None of us do. This is a battle he’s been fighting for a long time.
I tried, as best I could, to give her some advice. I think it helped, if only for that day. Sometimes that’s all we need. Something to get us to the next day. But I haven’t stopped thinking about it, what I could have said.
Today, I was reminded about my favourite passage from one of my favourite novels, Skippy Dies by Paul Murray. While it doesn’t provide any answers in terms of what my friend can do to help himself, it definitely gives it some context: most of us get to the point he is at right now. Most of adulthood is about disillusionment.
“You spend your whole childhood watching TV, assuming that at some point in the future everything you see there will one day happen to you: that you too will one day win a Formula One race, hop a train, foil a group of terrorists, tell someone ‘Give me the gun’, etc. Then you start secondary school, and suddenly everyone’s asking you about your career plans and your long-term goals, and by goals they don’t mean the kind you are planning to score in the FA Cup. Gradually the awful truth dawns on you: that Santa Claus was just the tip of the iceberg—that your future will not be the roller coaster you’d imagined, that the world occupied by your parents, the world of washing dishes, going to the dentist, weekend trips to the DIY superstore to buy floor tiles, is actually largely what people mean when they speak of ‘life’. Now, with every day that passes, another door seems to close, the one marked ‘professional stuntman’ or ‘fight evil robot’, until as the weeks go by and the doors —’get bitten by snake’, ‘save world from asteroid’, ‘dismantle bombs with seconds to spare’—keep closing, you begin to hear the sound as a good thing, and start closing some yourself, even ones that didn’t necessarily need to be closed.”

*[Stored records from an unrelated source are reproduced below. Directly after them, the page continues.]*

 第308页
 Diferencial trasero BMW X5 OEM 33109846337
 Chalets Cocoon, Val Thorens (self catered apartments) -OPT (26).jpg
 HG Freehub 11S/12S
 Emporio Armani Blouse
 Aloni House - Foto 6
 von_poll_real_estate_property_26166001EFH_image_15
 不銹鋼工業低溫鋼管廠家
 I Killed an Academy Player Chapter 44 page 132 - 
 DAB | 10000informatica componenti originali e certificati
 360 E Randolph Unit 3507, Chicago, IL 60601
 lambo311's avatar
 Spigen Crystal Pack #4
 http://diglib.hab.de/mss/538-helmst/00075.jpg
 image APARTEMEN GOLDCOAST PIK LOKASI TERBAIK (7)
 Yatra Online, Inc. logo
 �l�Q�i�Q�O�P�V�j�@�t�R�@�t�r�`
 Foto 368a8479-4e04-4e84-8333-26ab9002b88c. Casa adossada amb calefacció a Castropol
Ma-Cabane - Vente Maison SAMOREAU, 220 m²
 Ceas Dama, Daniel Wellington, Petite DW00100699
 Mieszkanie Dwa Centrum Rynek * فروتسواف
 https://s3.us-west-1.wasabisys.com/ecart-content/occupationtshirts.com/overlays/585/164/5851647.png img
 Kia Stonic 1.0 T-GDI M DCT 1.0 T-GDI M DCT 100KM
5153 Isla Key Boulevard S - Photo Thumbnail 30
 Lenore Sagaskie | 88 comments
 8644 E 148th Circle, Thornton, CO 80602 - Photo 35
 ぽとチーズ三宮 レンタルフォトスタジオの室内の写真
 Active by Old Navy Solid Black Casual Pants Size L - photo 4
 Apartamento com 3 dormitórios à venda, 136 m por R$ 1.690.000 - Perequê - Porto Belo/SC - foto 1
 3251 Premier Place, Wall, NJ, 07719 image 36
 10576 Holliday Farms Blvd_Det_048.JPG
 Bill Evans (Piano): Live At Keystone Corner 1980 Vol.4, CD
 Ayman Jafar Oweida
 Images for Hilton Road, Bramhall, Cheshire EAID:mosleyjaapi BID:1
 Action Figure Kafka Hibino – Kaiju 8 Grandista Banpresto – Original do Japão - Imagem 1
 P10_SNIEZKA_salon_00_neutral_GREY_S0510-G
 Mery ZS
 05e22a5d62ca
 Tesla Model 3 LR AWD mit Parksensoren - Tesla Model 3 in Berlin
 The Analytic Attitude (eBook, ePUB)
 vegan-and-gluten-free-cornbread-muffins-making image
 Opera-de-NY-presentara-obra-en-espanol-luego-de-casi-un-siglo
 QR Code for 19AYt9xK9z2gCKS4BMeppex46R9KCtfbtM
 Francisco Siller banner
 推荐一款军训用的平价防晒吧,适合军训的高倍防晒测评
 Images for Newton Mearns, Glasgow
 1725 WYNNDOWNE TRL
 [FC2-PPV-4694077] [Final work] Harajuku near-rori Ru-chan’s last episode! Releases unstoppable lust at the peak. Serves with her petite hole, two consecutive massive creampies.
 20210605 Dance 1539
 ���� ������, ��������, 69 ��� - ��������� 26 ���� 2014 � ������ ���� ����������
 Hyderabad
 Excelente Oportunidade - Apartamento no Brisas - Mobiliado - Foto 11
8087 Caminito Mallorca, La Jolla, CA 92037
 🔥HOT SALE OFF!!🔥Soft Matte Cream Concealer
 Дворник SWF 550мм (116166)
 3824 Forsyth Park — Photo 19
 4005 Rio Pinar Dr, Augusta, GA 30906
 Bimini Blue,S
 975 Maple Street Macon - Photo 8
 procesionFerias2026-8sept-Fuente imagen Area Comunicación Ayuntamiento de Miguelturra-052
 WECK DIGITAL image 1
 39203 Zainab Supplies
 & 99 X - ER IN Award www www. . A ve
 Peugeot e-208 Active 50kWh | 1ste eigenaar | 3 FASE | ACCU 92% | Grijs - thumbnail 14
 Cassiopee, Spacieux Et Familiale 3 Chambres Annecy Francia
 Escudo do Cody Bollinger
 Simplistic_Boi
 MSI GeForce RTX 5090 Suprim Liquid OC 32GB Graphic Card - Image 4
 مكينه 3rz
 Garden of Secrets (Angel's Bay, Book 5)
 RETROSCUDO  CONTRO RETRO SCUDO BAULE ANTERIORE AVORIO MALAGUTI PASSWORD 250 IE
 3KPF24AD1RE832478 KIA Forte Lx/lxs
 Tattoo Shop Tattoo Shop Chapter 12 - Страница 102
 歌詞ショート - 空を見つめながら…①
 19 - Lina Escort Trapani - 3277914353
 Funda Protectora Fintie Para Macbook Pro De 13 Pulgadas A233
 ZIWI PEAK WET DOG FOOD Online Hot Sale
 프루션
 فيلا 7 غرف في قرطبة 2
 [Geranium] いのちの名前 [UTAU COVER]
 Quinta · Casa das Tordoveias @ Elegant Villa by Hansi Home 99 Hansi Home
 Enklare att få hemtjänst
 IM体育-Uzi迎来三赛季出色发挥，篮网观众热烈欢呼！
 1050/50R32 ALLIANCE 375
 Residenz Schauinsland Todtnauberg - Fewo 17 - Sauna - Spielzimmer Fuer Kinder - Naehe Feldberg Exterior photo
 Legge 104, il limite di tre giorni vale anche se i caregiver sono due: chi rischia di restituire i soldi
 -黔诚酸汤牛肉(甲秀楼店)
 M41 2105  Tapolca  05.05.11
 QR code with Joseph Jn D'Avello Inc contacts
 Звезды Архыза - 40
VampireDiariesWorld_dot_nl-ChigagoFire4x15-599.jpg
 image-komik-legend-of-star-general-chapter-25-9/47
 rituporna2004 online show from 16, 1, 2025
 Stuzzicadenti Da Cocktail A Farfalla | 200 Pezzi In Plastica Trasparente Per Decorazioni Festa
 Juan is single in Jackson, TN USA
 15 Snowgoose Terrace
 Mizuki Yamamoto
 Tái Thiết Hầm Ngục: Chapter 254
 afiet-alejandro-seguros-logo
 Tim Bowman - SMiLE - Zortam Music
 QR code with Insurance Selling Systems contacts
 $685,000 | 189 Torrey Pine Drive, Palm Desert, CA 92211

— Paul Murray, Skippy Dies
My friend’s biggest challenge is the fact that he seems incapable of feeling any tangible amount of hope. Why? Some of it is almost certainly chemical, some of it is the chemicals he willingly puts into his body every day. Some of it, no doubt, is the result of an overprotective mother and an overly distant father.
But this passage, specifically the part about closing doors, struck a chord because it hit on something that’s been worrying me. Not just with my friend, but with myself, too. This idea of growing up and willingly closing doors, out of habit or lack of confidence. By the time you’re a certain age, you think you know everything about who you are and what you’re capable of. Which can be a good thing, but it’s also extremely limiting. It certainly is in my friend’s case.
He looks around and sees his peers with better jobs or more money or bigger houses. He does the calculations, and deems himself a failure. But the real problem isn’t that he’s “lost,” it’s that this feeling of losing makes him stand still.
There’s a wonderful Jewish proverb about two people climbing two ladders. One person is near the top of his ladder, but he’s stopped climbing. The other person is much lower, but is on his way up. The question, then, is “who’s winning?”
The rabbi’s answer: the one who’s still moving.
I don’t know if I can help my friend. I don’t know if he can help himself. But I’m reminding myself to keep trying, and to stop closing doors. We’ve all been where my friend is right now: stuck in a rut, seemingly unable to get ourselves out. But most of the time we can, as long as we keep climbing.